Lower Mortgage Rates Nudge Up Buyer Demand While Potential Sellers Sit Tight

Modest borrowing cost relief inches up home sales. The average 30-year fixed rate mortgage decreased from a 2024 peak of 7.1 percent in May to the mid-6 percent range by late August. That downshift brought some buyers off the sidelines in July, with existing home sales rising by 1.4 percent month-over-month. Still, the uptick in purchases was mild as sales velocity remained down by about 1.6 percent compared with the trailing-year average. As many homeowners have mortgages locked in well below the current market rate, the modest relief is having little impact on motivating sell-side activity. The number of existing homes for sale fell to an eight-month low in July, and that market tightness escalated prices. Nationwide, the median cost of an existing house rose by 4.2 percent year-over-year to an all-time high of $412,400, maintaining steep affordability constraints.


Looser labor market may further stunt mobility. Unemployment in the U.S. climbed by 80 basis points annually to an almost three-year high of 4.3 percent in July 2024. While that rate is low from a historic perspective, the substantial lift and weaker-than-expected job growth reflects a cooling employment market. A softer labor environment may dissuade potential home sellers from pursuing major life moves that result in listing a house, keeping inventory tight. At the same time, a weaker employment climate has garnered the attention of the Federal Reserve, making an interest rate cut in September a likely scenario.

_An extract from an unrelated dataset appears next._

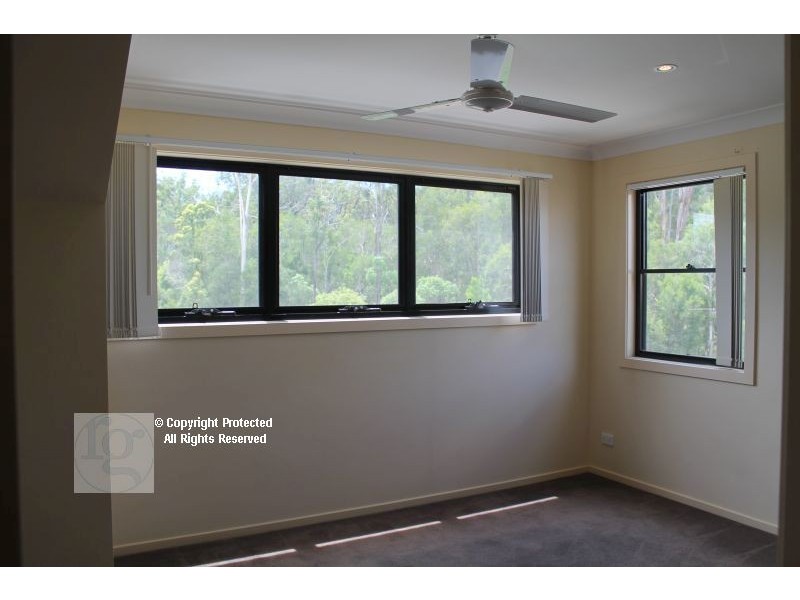 8/23 Park Esplanade, Coomera QLD 4209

Lower borrowing costs may fuel rising homebuyer demand, but mild sell-side activity could reinforce prices and offset mortgage rate relief.


Homebuying barriers aid apartment renewals. The renewal conversion rate at luxury-tier rentals hit 52.0 percent in July — the highest level since the same month in 2022. Renters at Class A units are increasingly opting to stay put amid historic affordability barriers to becoming a first-time homeowner. Meanwhile, greater renewal velocity is supporting rent growth. Average rates for tenants extending their lease at luxury rentals elevated by 4.0 percent year-over-year in July. Metros with steep homebuying barriers like San Jose and Seattle-Tacoma exceeded 5.5 percent growth.


Developing Trends


Housing project starts fell to a 50-month low. Groundbreakings of both single- and multifamily developments shrunk by at least 14 percent year-over-year in July. Apartments recorded the more substantial reduction, down more than 18 percent annually. This construction slowdown will take several years to manifest, however, as a typical multifamily project takes 12 to 24 months to f i nalize, and the active pipeline remained near 1 million units underway nationwide in July. Longer term, a reduction in the pace of new supply should nevertheless help stabilize the sector following recent rent softness. Meanwhile, decelerating single-family housing construction may sustain affordability barriers.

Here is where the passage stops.